BEIJING (AP) — Global stock markets were mixed Wednesday after Wall Street pulled back from a record as investors awaited a Federal Reserve report for signs of when U.S. stimulus might be withdrawn.
Investors also were uncertain how much farther China will go with a regulatory crackdown that set off a slide in its internet share prices.
London and Frankfurt opened higher while Shanghai and Tokyo declined.

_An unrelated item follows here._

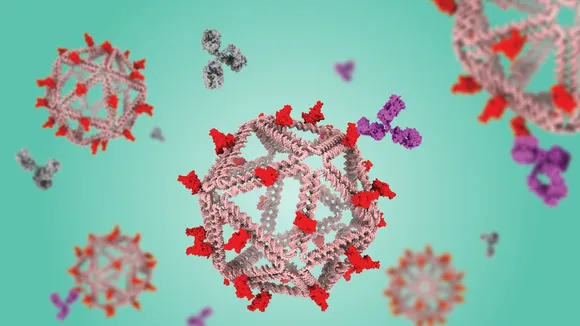 Revolutionizing Vaccines: DNA Origami Scaffolds for Stronger Antibody Response Against Viruses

U.S. futures were mixed.
Investors were looking for an update from a Fed board meeting that began Tuesday on when the U.S. central bank might start to reduce bond purchases that inject money into financial markets and keep interest rates low.
“A few winds are blowing against a tapering statement,” said Jeffrey Halley of Oanda in a report, “not least the delta variant sweeping the Asia Pacific with an inevitable knock-on to its recovery.”
In early trading, the FTSE 100 in London gained 0.1% to 7,003.94 while the DAX in Frankfurt added 0.2% to 15,558.43. The CAC 40 in Paris rose 0.7% to 6,575.65.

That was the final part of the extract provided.